I’m facing an issue with a webhook system built using AWS SQS FIFO queues, EventBridge Pipes, Step Functions, and Lambda. Here’s the setup: • SQS FIFO Queue: • Receives webhook messages containing shop info and webhook type. • Uses a composite message group ID (mall_id, shop_no, webhook_type) for FIFO ordering. • Deduplication is performed based on datetime.now.timestamp(). • EventBridge Pipe: • Connects the SQS FIFO queue to Step Functions (which in turn trigger one or more Lambdas).
The Problem: On March 14th, one vendor sent approximately 800,000 messages in a short burst.
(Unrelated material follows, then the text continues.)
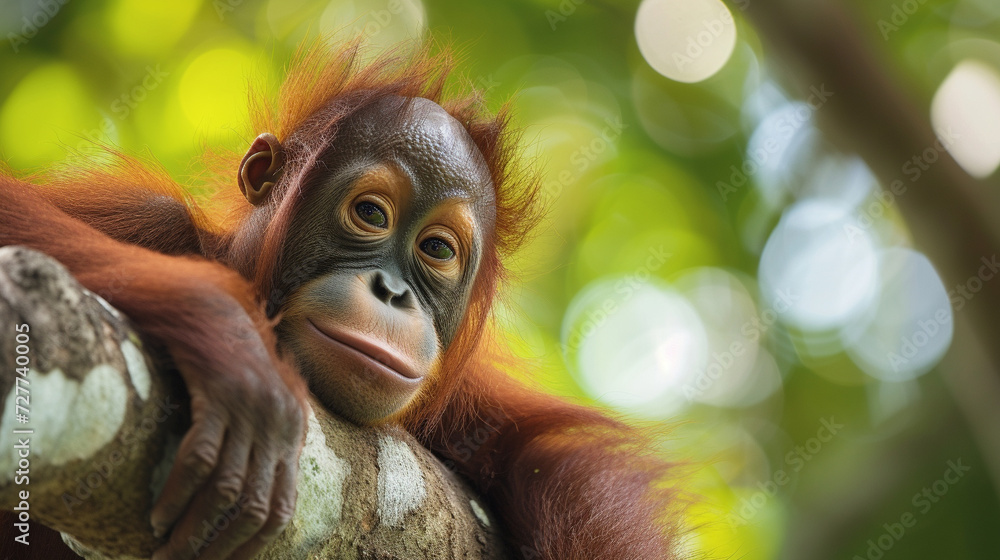 closeup of Young Orangutan on Tree Branch in Forest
According to CloudWatch metrics: • The number of visible messages in the SQS FIFO queue skyrocketed starting around 4:30 PM. • However, the invocation count for the EventBridge Pipe did not increase proportionally. • Neither the EventBridge Pipe, Step Functions, nor Lambda showed any signs of throttling or increased execution durations.
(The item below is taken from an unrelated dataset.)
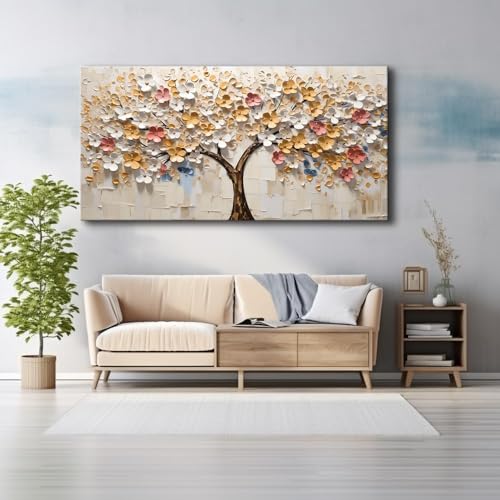 2D Flat White Spring Large Tree of Life Wall Art Office Decor Living Room Modern Painting Prints Pictures Abstract Floral Flower Nature Canvas Large Landscape Artwork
I expected that since each vendor uses a separate message group ID, the heavy load from one vendor should only affect that specific group, and other vendors’ messages would still be processed in parallel. In theory, FIFO queues allow parallel processing across different message groups.
My Questions: 1. Why is the EventBridge Pipe not consuming messages at a higher rate in response to the increased load from a single vendor? 2. Is it possible that a massive burst of messages in one FIFO message group can indirectly affect the consumption of messages in other groups? 3. Are there any known limitations or hidden concurrency controls in EventBridge Pipes that might explain why the invocation rate doesn’t scale with the incoming message volume? 4. What configuration changes or alternative approaches can be taken to mitigate this bottleneck?
Any insights, documentation references, or configuration tips would be greatly appreciated.